This week we begin the first of a two-part episode primarily focused on the idea of finding common ground in political discourse. In a round-about way we’ve actually discussed the topic many times before, but it’s always been ancillary to our main focus. This week it’s for reals.

We discuss the topic at length switching between local and federal governance a few different times. One ongoing theme of the night is how people all too frequently pursue legislation that is blatantly contrary to their stated goal.

Towards the end of this first half, Jad advances the anarchist position by asserting that sometimes common ground is deceptively used by politicians to advance already bad agendas. We continue with that thought in part two.

Material from Podcast

Music

Transcript of Podcast

Kevin: Hello and welcome back to the JK Podcast, a free speech haven dedicated to the pursuit of liberty, humanity, and equality. This week we begin with the first of a two-part episode, primarily focused on the idea of finding common ground in political discourse. In a roundabout way, we’ve actually discussed this topic many times before, but it’s always been ancillary to our main focus. This week, it’s for reals[?].

We discuss the topic at length, switching between local and federal governance a few times. One ongoing theme of the night is how people all too frequently pursue legislation that is blatantly contrary to their stated goals. Towards the end of the first half, Jad advances the anarchist position by asserting that sometimes common ground is deceptively used by politicians to advance already bad agendas. We continue with that thought in part two.

Joining us for the episode is our good friend and author, Tom DeLorenzo. I’m Kevin Ludlow, the other voice is co-creator, Jad Davis. Welcome back to the JK Podcast.

What I’m saying is I think if you can look at the smallest form of government and see how dysfunctional it is, it always makes sense to me why the larger government is just beyond inept, right, because it’s the exact same dysfunction that exists at a very small level. And so I guess maybe one of the things that I always find interesting about Austin’s government – and it could just be because I’ve misled myself – is that I believe that the culture of Austin has so much – for lack of a better word – like, hippyness to it, that it surprises me that the people are still so complicit in that type of just over burdening government oversight.

I mean, I think there’s a level of government interference that you’re going to have to expect, and people even come to like it, I mean I get that. But it just surprises me how wide and far stretching it has become here. I wouldn’t expect this population to be quite as complicit with some of those laws that exist – and yet they are. I have no knowledge of this statistically, but I would have to assume then if you cast a big shadow over Austin, your atheist group has to be substantially larger in Austin than it would be in – as a percentage anyways – than it would be in say, a city like Dallas or Houston – I would think, I don’t really know.

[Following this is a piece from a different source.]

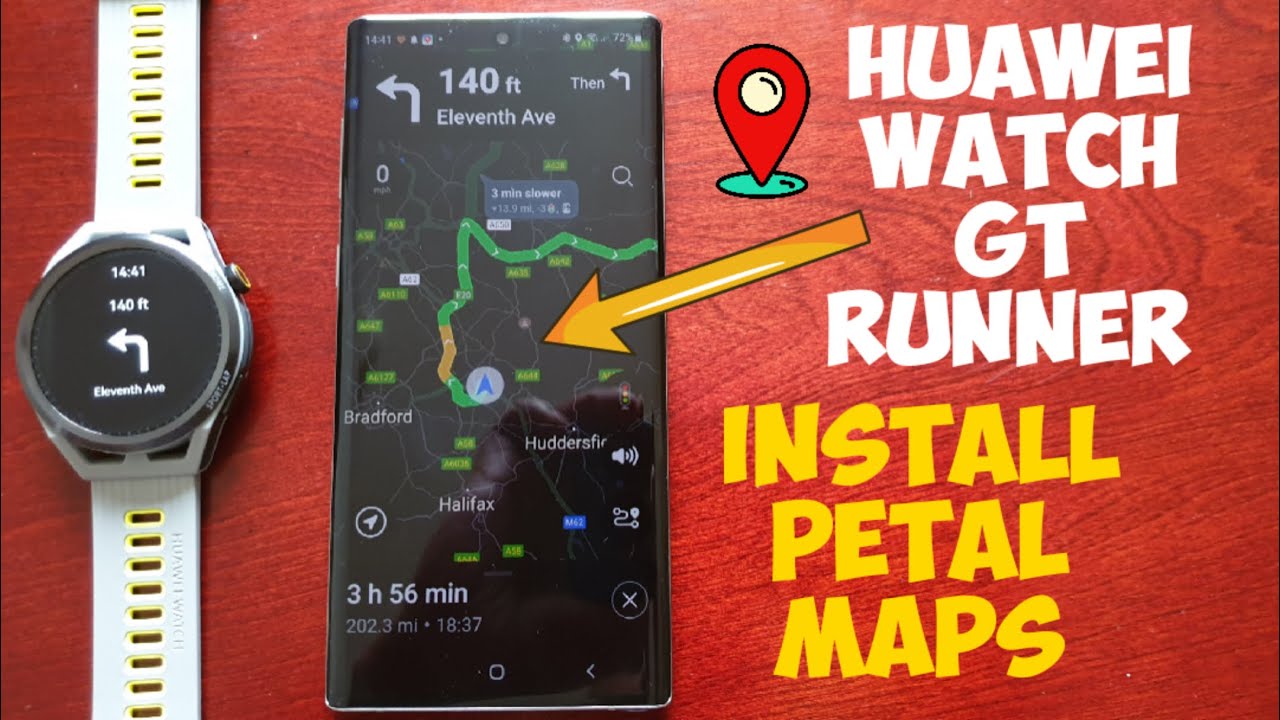 Huawei Watch Runner How to Install & Maps|Navigation Sync,GPS,Destinations,Traffic - YouTube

I feel that you’d have way more people who would define themselves as like, spiritual agnostics rather than part of a theistic group or what have you. So the reason I say that and bring attention to that is because I feel that the general culture of Austin are people who are less inclined to be supportive of an authoritarianist type of system, and yet at the same time they clearly are. They support it much greater than the people of Houston or Dallas do from what I can tell, given the law structure that we have here.

And so I guess my question gravitates towards why is that. I don’t think it’s an uneducated group of people in the city, there’s a lot of data on this I mean, the education level of Austin is actually substantially higher than that of Houston or Dallas as a whole.

Jad: Well maybe that answered the question then, right?

Kevin: Well maybe so, right? And that’s – I guess that’s what I’m always trying to figure out.

Tom: Yeah when you say kind of spiritual hippy, free thinking that just puts the word liberal into my head.

Jad: And how highly state educated.

Tom: Yeah. So you end up with the touchy-feely, collectivistic type of authoritarian system which maybe that’s what Austin is, you know? You can’t use plastic bags because we’re saving the planet. See, that’s a nice liberal tyranny.

Kevin: Oh, sure. Sure. And so I guess that’s always kinda my goal or my objective to try to find those points to talk to people on to sell them the better counterpoint, right? Like when we talk about religion I mean, you know, you talk to the person who’s basing their decision on religion, right? You try to have a gay marriage discussion with somebody who’s just a diehard fundamentalist Christian, you can’t have the discussion, right – we can agree with that because there’s nothing you can say that sways that opinion because that’s based upon an irrational view to begin with.

None of the three of us or anybody else that we know is smart enough to convince that person – it’s just not going to happen. You can trick them perhaps, but not convince them. But I feel that the person who is well educated and the person who is spiritual and et cetera, so they’re conscious of things but they’re not blindly accepting of this top down authority model I wouldn’t think as much. I feel that there’s ways to logically and argumentatively convince them that there’s a different way to do this, and not only that but that their own system is kind of imploding on itself – it’s kind of counterproductive to what their end goal is. And I guess that’s what I always try to do to local groups here and with mixed success, but I’m just interested in it I guess.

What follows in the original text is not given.